In its press release, the Fed noted that “hurricane Sandy […] is estimated to have reduced the rate of change in total output by nearly 1 percentage point” in October, the largest effects being felt by utilities, chemicals, food, transportation equipment, and of computers and electronic products industries.
The good piece of news is that production capacities just marginally suffered, as they kept their recent trend growth of +0.1% a month: the cut in October production was more about disruption than destruction. Indeed, the rate of capacity utilisation dropped from September to October, from 78.2% to 77.8% for the overall industrial sector, and from 77.3% to 76.6% in the sole manufacturing industries.

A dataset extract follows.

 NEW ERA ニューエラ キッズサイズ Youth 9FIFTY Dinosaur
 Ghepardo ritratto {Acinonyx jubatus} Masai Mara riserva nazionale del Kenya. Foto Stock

This means that production that failed to occur in October will be caught up in November, leaving the Q4 level un-impacted.
While the Department of Commerce did not provide with estimates of the effects of hurricane Sandy on October retail sales, they were obvious. Gasoline sales increased 1.4% m/m over the month despite a 2.7% drop in retail prices, meaning sale volumes jumped as many Americans stocked up oil before the storm hit. The same can be said of food supplies, which sales gained 0.8% m/m in October. On the contrary, sales of clothes (-0.1% m/m), cars (-1.6%) and other durable goods (-1.5%) dropped over the month.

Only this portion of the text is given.